Source algebras and cohomology algebras of block ideals of finite groups with defect groups isomorphic to extraspecial \(p\)-groups (Q6634542)

Let \(p\) be a prime number and \(k\) an algebraically closed field of characteristic \(p\). Let \(G\) be a finite group with \(p \in \pi(G)\) and consider the group algebra \(kG\) as a left \(k[G\times G]\)-module by posing \((x,y)\alpha=x\alpha y^{-1}\) for all \(x,y \in G\) and \(\alpha \in kG\). Let \((P,e_{P})\) be a maximal \(b\)-Brauer pair such that \(\mathrm{Br}_{P}(i)e_{P} = \mathrm{Br}_{P}(i)\) and let \(X\) be the source algebra of the block ideal \(b\) with \(i\), namely \(X=ikGi\). One can view \(X\) as a \((kP,kP)\)-bimodule.
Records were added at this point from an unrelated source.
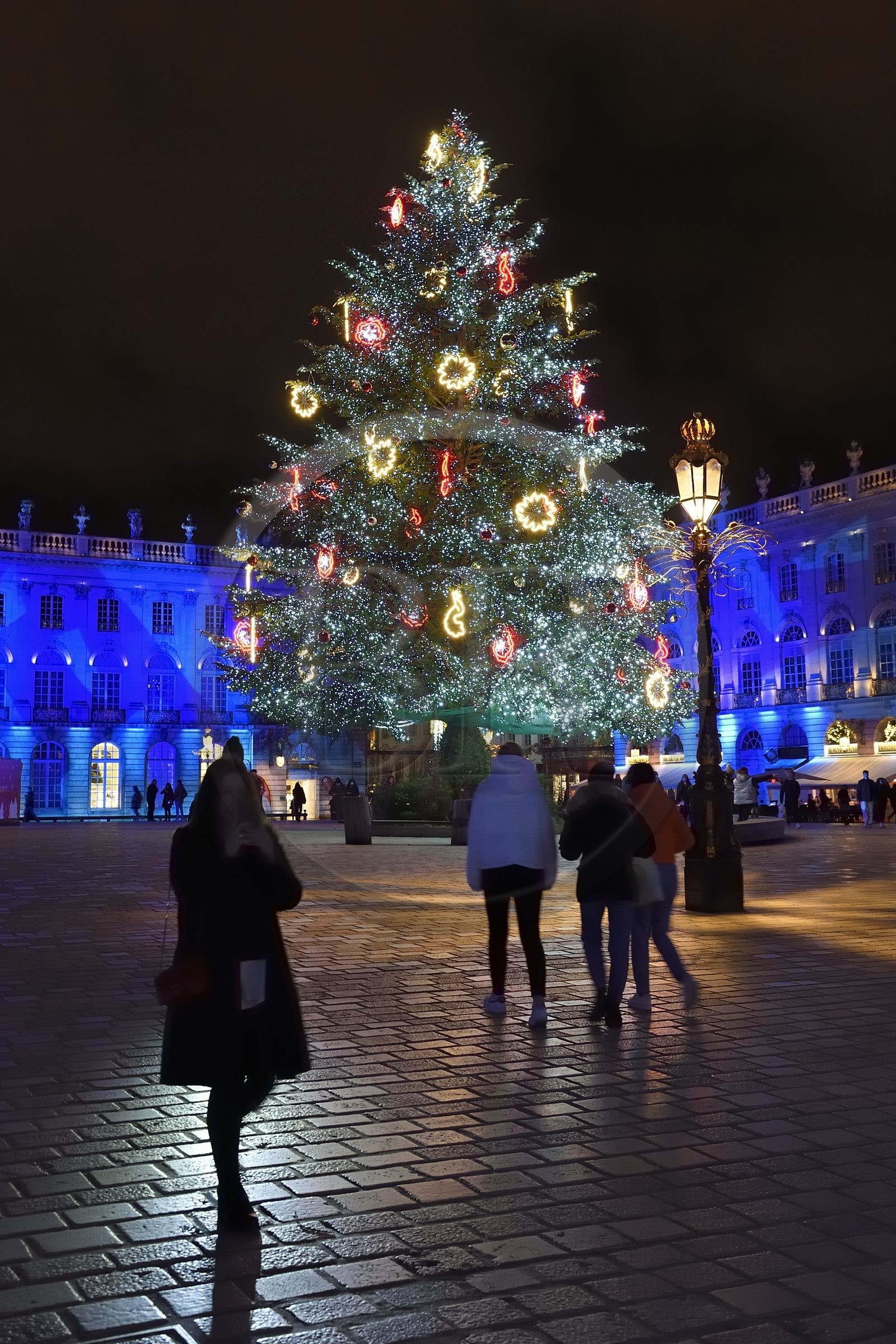 France, Meurthe-et-Moselle (54), Nancy, place Stanislas (ancienne Place Royale) lors de la fête de la Saint-Nicolas, classée Patrimoine Mondial de l'UNESCO, le grand sapin  de Noël décoré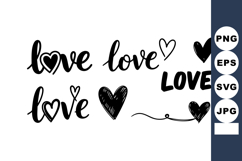 Hand-drawn love text with hearts in artistic black ink calli Product Image 1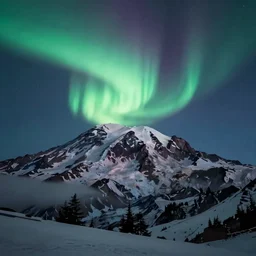 photorealistic dreamy intense aurora above mt rainier film long exposure matter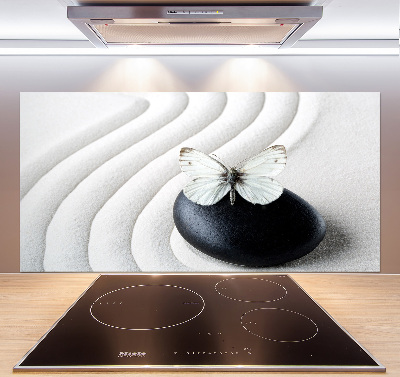 Kitchen splashback Zen stone and butterfly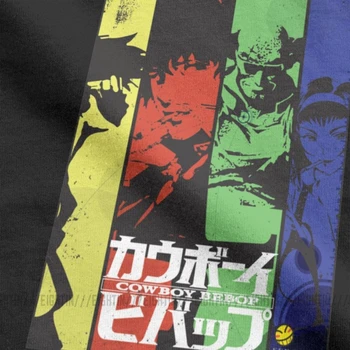 Moški T-Shirt poglejmo Jam Cowboy Bebop Letnik Cotton Tee Majica Kratek Rokav Prostor Anime Spike Japonskih Manga Jet Faye T Srajce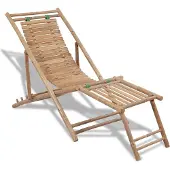 vidaXL Chaise longue avec repose-pieds en bambou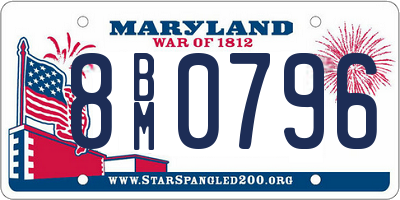 MD license plate 8BM0796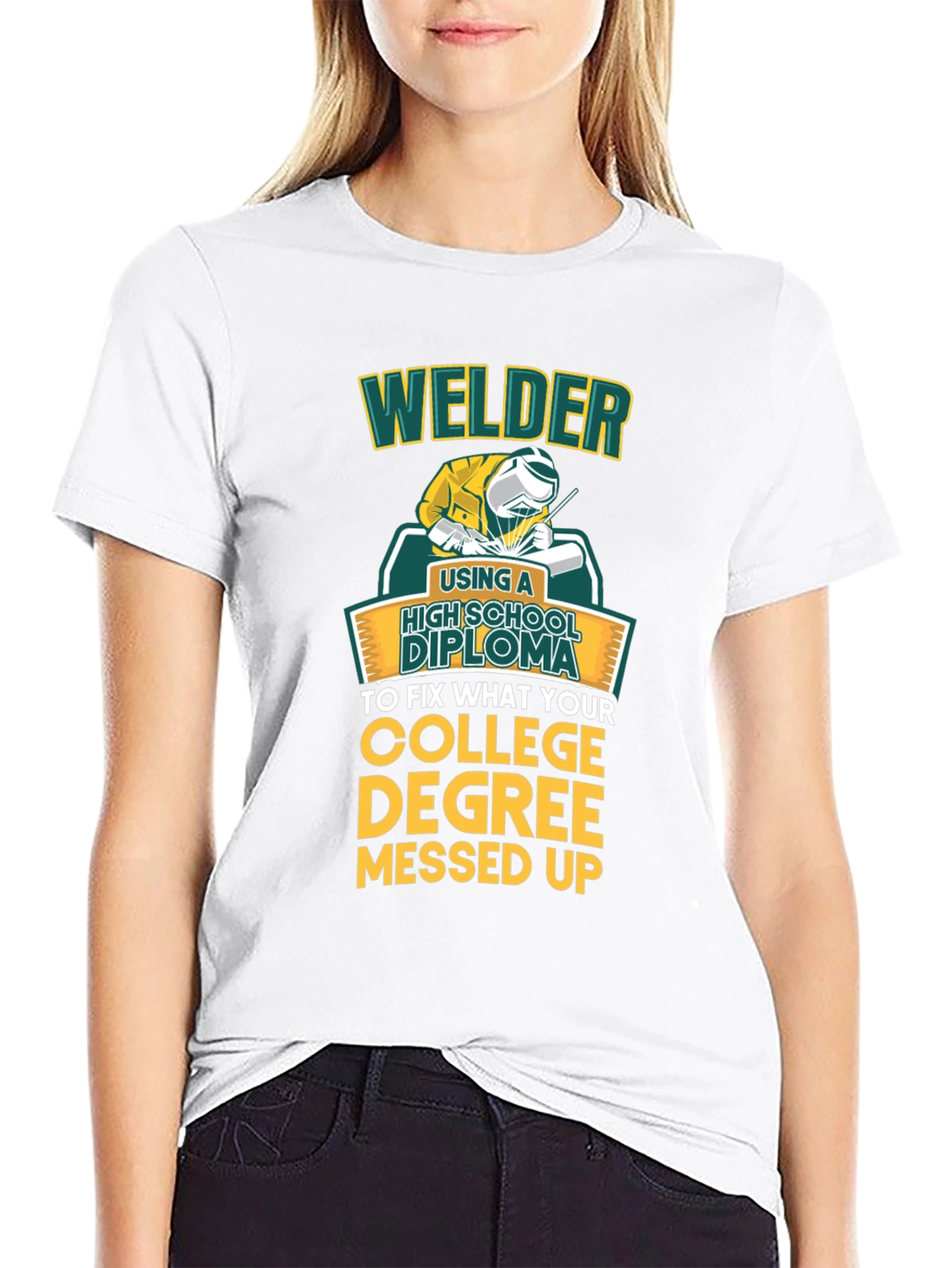 Black Welder High School Diploma Funny Black T-Shirt view 9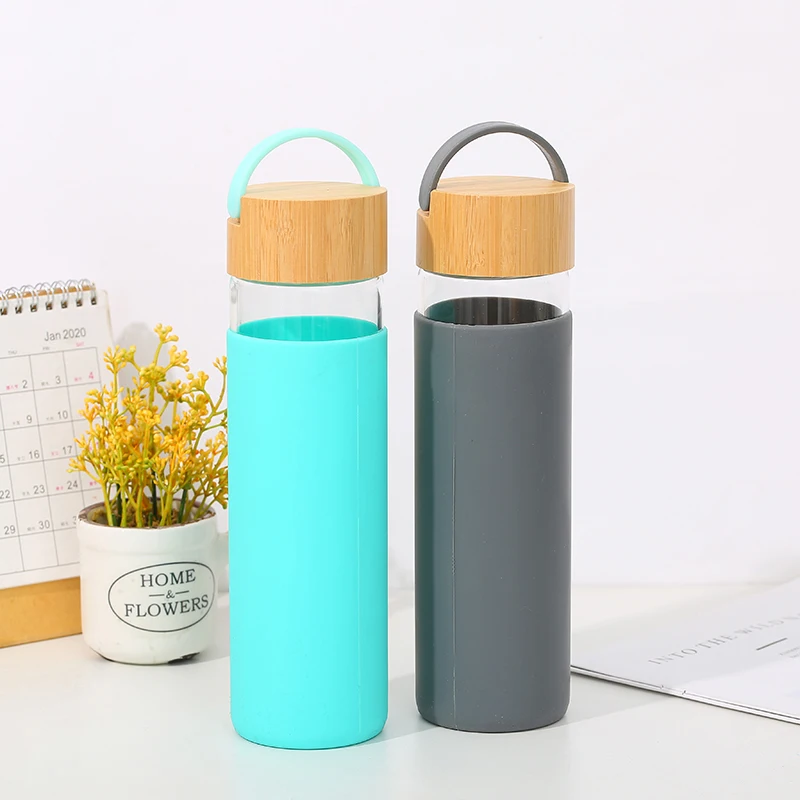 

Mikenda glass water Bottle BPA Free Travel Drink Bottle with silicone sleeve cover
The author is interested in the \((kP,kP)\)-bimodule structure of \(X\).\N\NIn this paper, the author intends to examine block ideals with defect groups isomorphic to extraspecial \(p\)-groups of order \(p^{3}\) and exponent \(p\). The author first analyzes bimodule structures of these block ideals and provides a direct sum decomposition. He then proves that the images of the transfer maps on the cohomology rings of defect groups, defined by the source algebras, coincide with the cohomology rings of the block ideals in question.